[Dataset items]
((

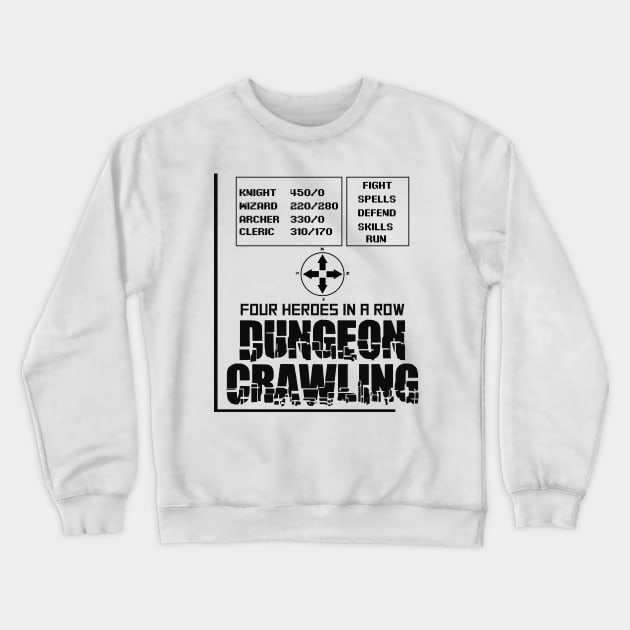 Four heroes in a row dungeon crawling minimalist design Crewneck Sweatshirt by The Star-Man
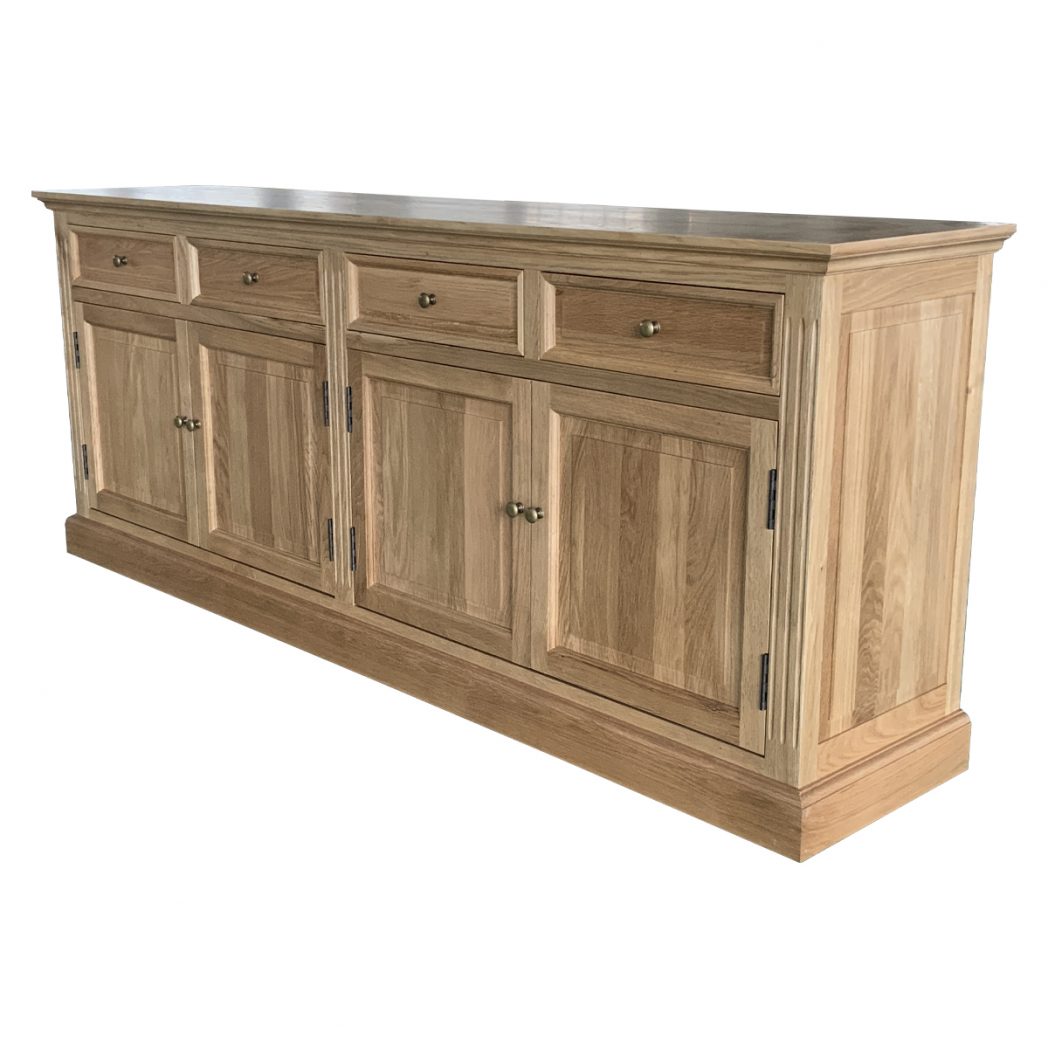 "Maine" Hamptons Style 4 Door 4 Drawer Buffet Sideboard Natural Oak, 200cmW x 43cmD x 80cmH (RRP $3499) - Image 2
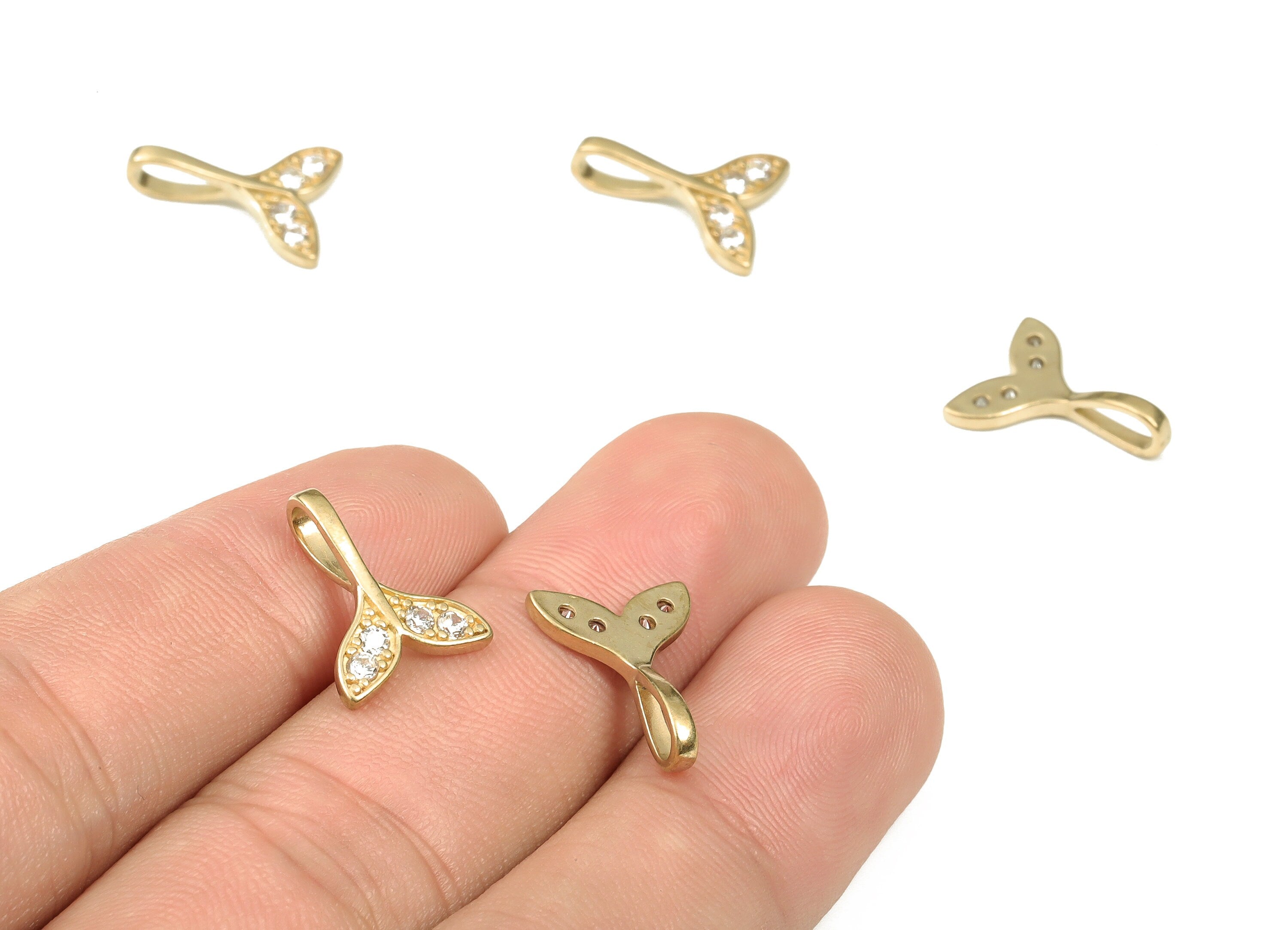 Brass Fish Tail Earring Charms With Zircon - Raw Brass Fish Tail Pendant - Earrings Finding - Jewelry Supplies - 15x11.3x1.52mm - PP4415 - DOMEDBAZAAR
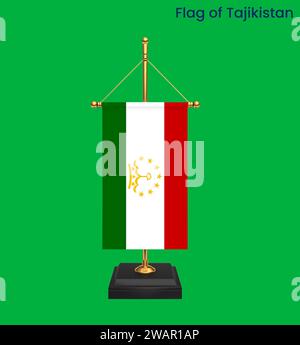 High detailed flag of Tajikistan. National Tajikistan flag. Asia. 3D illustration. Stock Photo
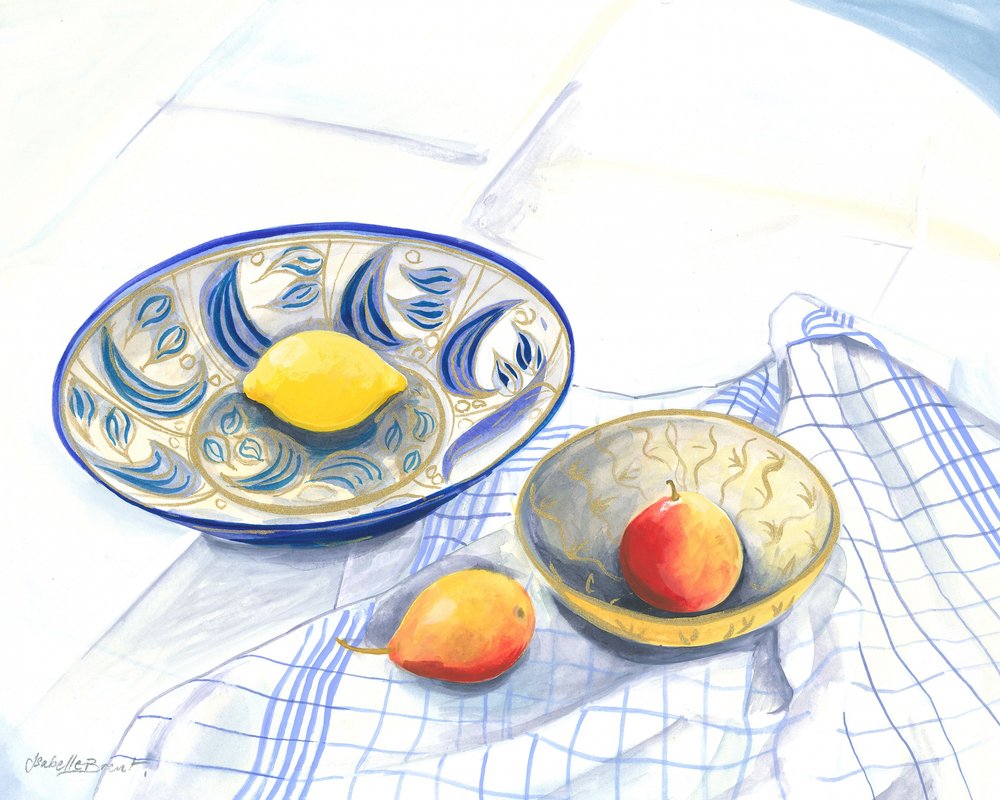 Natura morta con limone e pere da Isabelle Brent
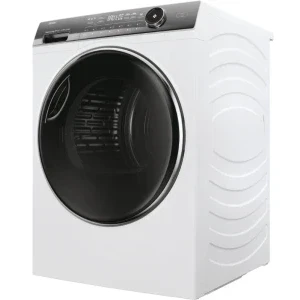 Haier HD90-A3Q979U1-S, Pompa de caldura, 9 kg, Clasa C, Inverter, I-Refresh, hOn, Iluminare interioara, Alb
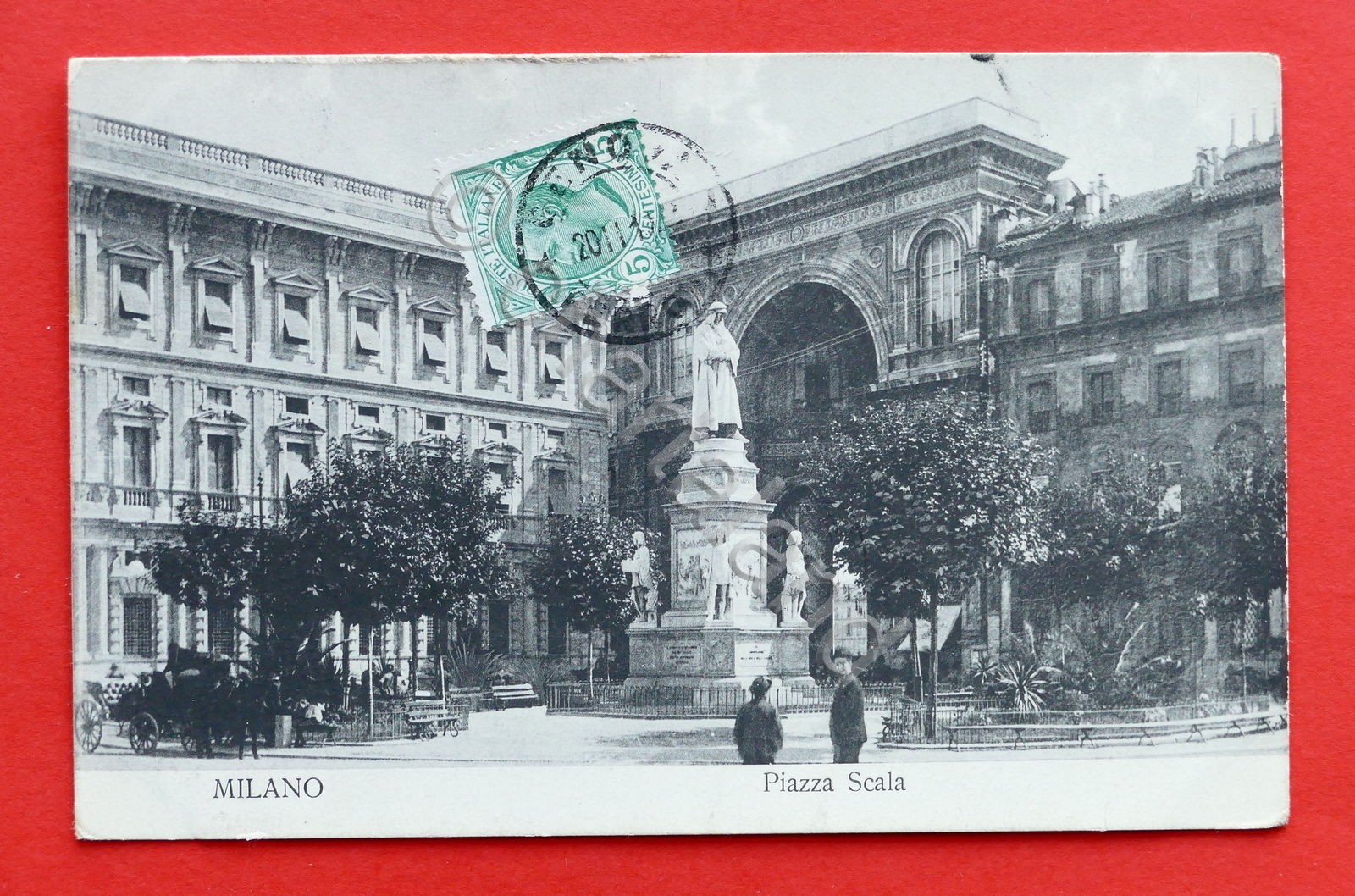 Cartolina Milano - Piazza Scala - 1910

))

■ PROMPT:
Word for word, return all the entries and skip their pictures.

■ ANSWER TO THIS EXERCISE:
 Four heroes in a row dungeon crawling minimalist design Crewneck Sweatshirt by The Star-Man
 "Maine" Hamptons Style 4 Door 4 Drawer Buffet Sideboard Natural Oak, 200cmW x 43cmD x 80cmH (RRP $3499) - Image 2
 Brass Fish Tail Earring Charms With Zircon - Raw Brass Fish Tail Pendant - Earrings Finding - Jewelry Supplies - 15x11.3x1.52mm - PP4415 - DOMEDBAZAAR
 High detailed flag of Tajikistan. National Tajikistan flag. Asia. 3D illustration. Stock Photo
 Natura morta con limone e pere da Isabelle Brent
 Haier HD90-A3Q979U1-S, Pompa de caldura, 9 kg, Clasa C, Inverter, I-Refresh, hOn, Iluminare interioara, Alb
 Cartolina Milano - Piazza Scala - 1910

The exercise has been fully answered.